Laser cutting big pieces
Swedish subcontractor WTJ uses Bystronic machines and Ruuki steel to achieve turnover in large products like plows and excavator buckets.
Helsinki, Finland - A large investment in state-of-the-art machines, such as a laser sheet metal cutter, seems to be paying off for a young company based in the small village of Arbra, Sweden. In less than 18 months, WTJ has reached a turnover of more than 30 million Swedish kronor (~US$4.532 million) as a subcontractor of plows, excavator buckets, trailers, pounders and more. Their customers are found in a number of industries and are both local and international.
The machinery includes the largest welding robot (ABB) in Sweden, a Bystronic press brake that handles sheet metal of 1250 tons and with a width of 7 m, and a laser-cutting machine from Bystronic for sheet metal in sizes of up to 6500 mm x 2500 mm. Any assignment, whether it is to cut and bend pieces of steel from 7 cm to as much as 7 m, are possible thanks to the modern machinery.
"We are the only supplier in the business with cutting, bending, welding, paintwork and assembly under the same roof," says Anders Jarnkrok, site manager at WTJ. "This way, it's easy for us to deliver a final product from our premises, skipping unnecessary transportation back and forth to sub-suppliers."
Several times a week a large truck delivers special steel from Ruukki to the WTJ site, which spans 6000 sq.m. For the past year, Ruukki has delivered more than 2000 tons of special steel to the company.

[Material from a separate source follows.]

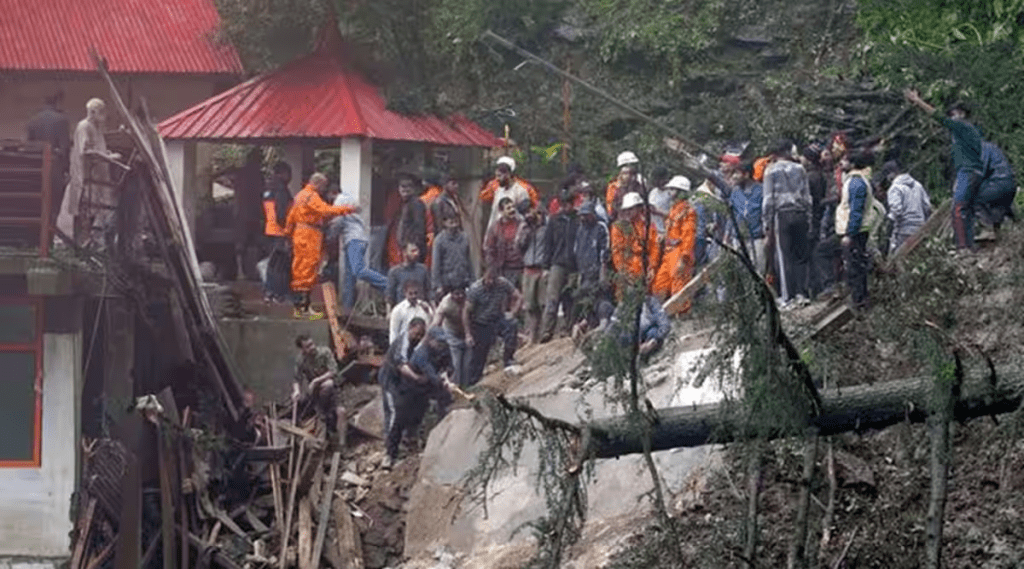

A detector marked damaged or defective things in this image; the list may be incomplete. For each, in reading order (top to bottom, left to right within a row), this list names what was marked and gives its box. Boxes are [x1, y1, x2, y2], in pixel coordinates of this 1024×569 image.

broken timber [588, 364, 1024, 458]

Because size matters to WTJ and its customers, Ruukki delivers WTJ special steel that can be laser-cut to metal sheets in sizes of up to 6500 mm x 2500 mm.
"Ruukki always delivers on time, the products are of good quality, and its fellow co-workers' technical know-how is of great use to us," says Jarnkrok.
The main challenge for WTJ is to keep up with demand from its customers.
"Within the near future, we need to employ 10 to 15 more people," says Jarnkrok. "Our goal is to have a turnover of 100 million Swedish kronor [~US$15.1 million] in 2015."